## PROBLEM DETAILS:
From the records below, output exactly the lines running from the line containing "May include: A" through the line containing "a kitchen and", and no others.
##### THE DATA
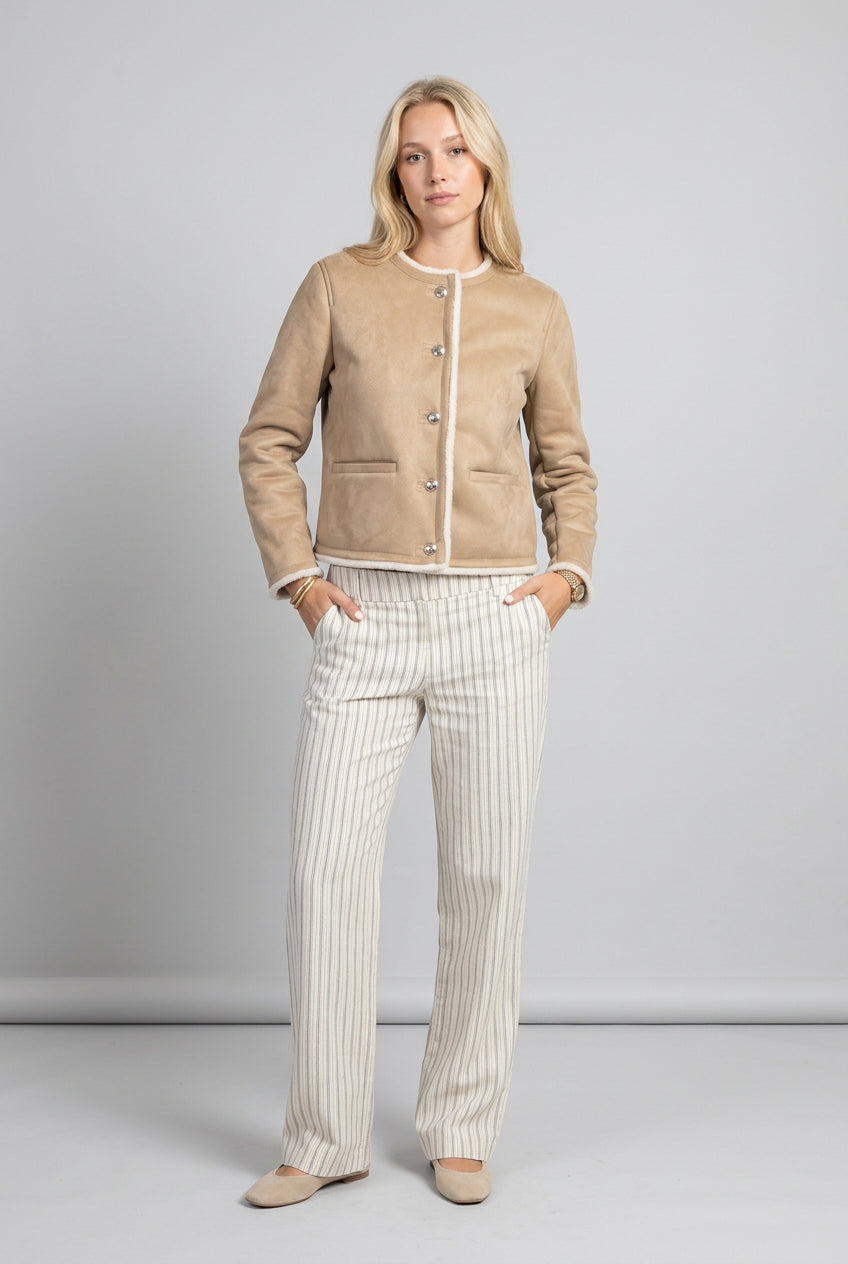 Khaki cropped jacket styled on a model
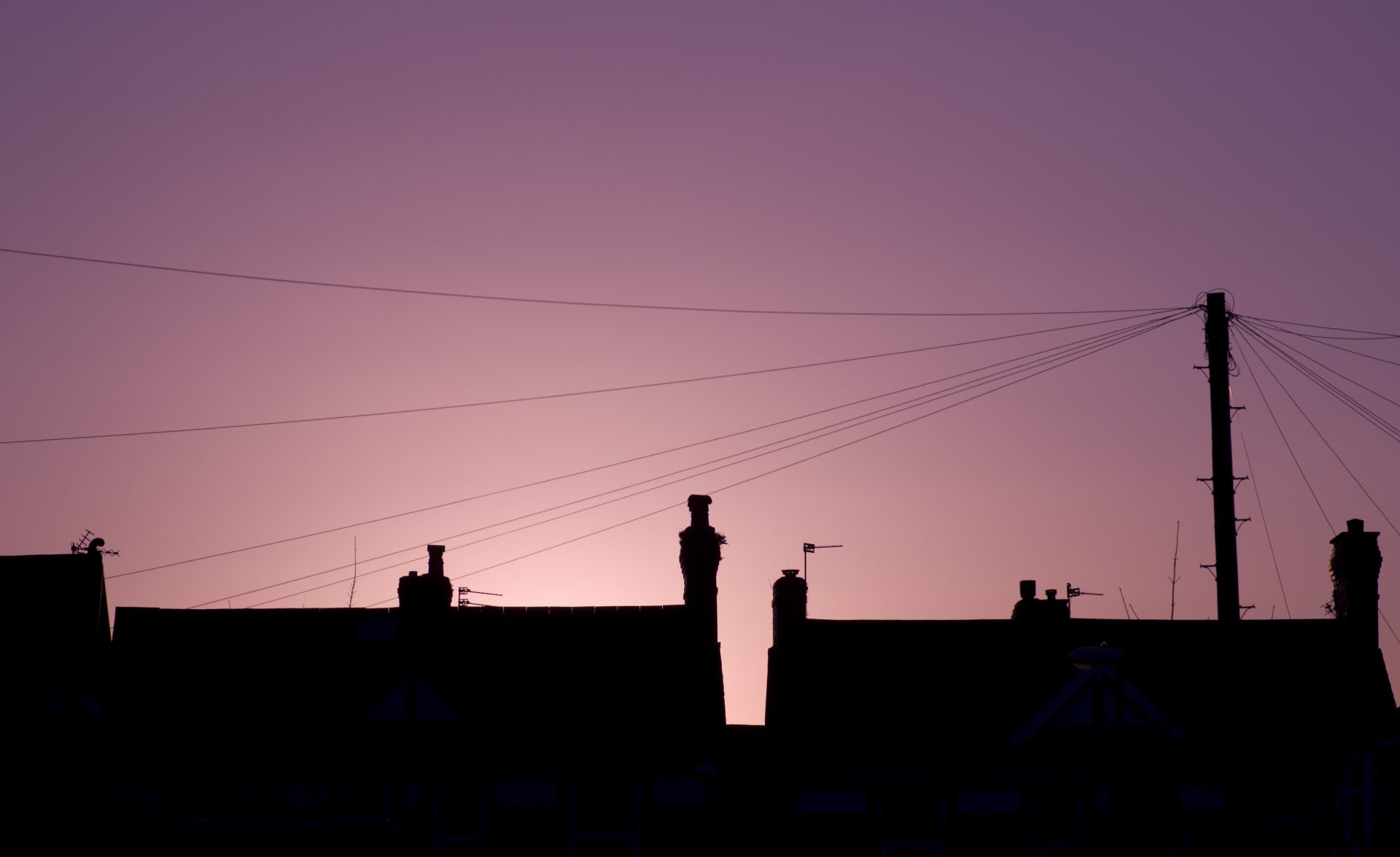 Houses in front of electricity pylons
##########
##### THE DATA
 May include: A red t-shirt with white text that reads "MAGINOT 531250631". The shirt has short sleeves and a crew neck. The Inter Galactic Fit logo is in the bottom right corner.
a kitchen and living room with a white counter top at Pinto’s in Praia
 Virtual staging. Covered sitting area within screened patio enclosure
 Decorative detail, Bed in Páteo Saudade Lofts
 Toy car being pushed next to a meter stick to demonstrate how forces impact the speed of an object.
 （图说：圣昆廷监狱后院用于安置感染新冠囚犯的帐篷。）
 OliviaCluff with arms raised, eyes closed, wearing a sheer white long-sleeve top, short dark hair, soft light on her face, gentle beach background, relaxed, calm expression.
##########
## ANSWER TO THIS PROBLEM:
 May include: A red t-shirt with white text that reads "MAGINOT 531250631". The shirt has short sleeves and a crew neck. The Inter Galactic Fit logo is in the bottom right corner.
a kitchen and living room with a white counter top at Pinto’s in Praia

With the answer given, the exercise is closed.